Implement innovative service delivery methods and create a culture of innovation across the District government
Another important goal I have for the Office of the City Administrator is to help agencies implement innovative service delivery methods in order to improve the quality, responsiveness, and efficiency of government services.
One of the realities of government operations is that agencies often are so engaged in implementing their day-to-day responsibilities that they don’t have the time or expertise to consider new practices and procedures. Because of that, we often are not leveraging best practices from the private sector or other jurisdictions — with the result being that we aren’t providing the most efficient or highest level of services to our residents.
To address this issue, OCA will establish an Office of Innovation during FY15. Individuals in the innovation office will be able to focus exclusively on examining why the government is providing a service in a certain way and how we can provide it more effectively and more efficiently.
The Office of Innovation will closely partner with agencies to ensure that the solutions they develop are realistic, implementable, sustainable on a long-term basis, and are likely to achieve the expected results. I am excited about the new possibilities this office will bring to the District’s operations.
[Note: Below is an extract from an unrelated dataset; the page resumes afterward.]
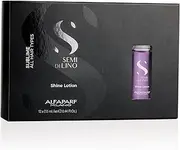 Alfaparf Milano Semi di Lino Sublime Shine Lotion - Heat Protection Leave-In Spray - Vitamin and Complex Enriched Protection - 12 x 0.44 oz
Leverage public-private partnerships to revitalize and expand the District’s infrastructure
Like most cities and states, the District has billions of dollars in infrastructure needs, including schools, affordable housing, transportation projects, libraries, police stations, and fire stations. These critical investments are sometimes difficult to finance with existing resources, but the involvement of the private sector can bring creativity, efficiency, and capital to address this infrastructure challenge.
Public-private partnerships, or P3s, are an innovative procurement model that leverages private-sector expertise, shifts risk, and achieves life-cycle efficiencies on projects that have historically been procured by traditional methods and operated and maintained by government entities. In our region, Virginia has procured several transportation projects through P3s, including the I-495 Beltway express lanes, and Maryland is expected to procure the Purple Line light rail project through a P3.
In order to develop P3 projects in the District, OCA will establish a new Office of Public-Private Partnerships, based on legislation that was introduced by Mayor Bowser and approved when she was a member of the Council. Our team is currently planning the structure of the office, budgeting the necessary resources, and working to identify personnel to staff the office. I’m excited to see this important work begin and look forward to continuing to work with the Council on this innovative procurement method.
That concludes my testimony. Thank you for the opportunity to testify today. I am available to answer any questions you may have.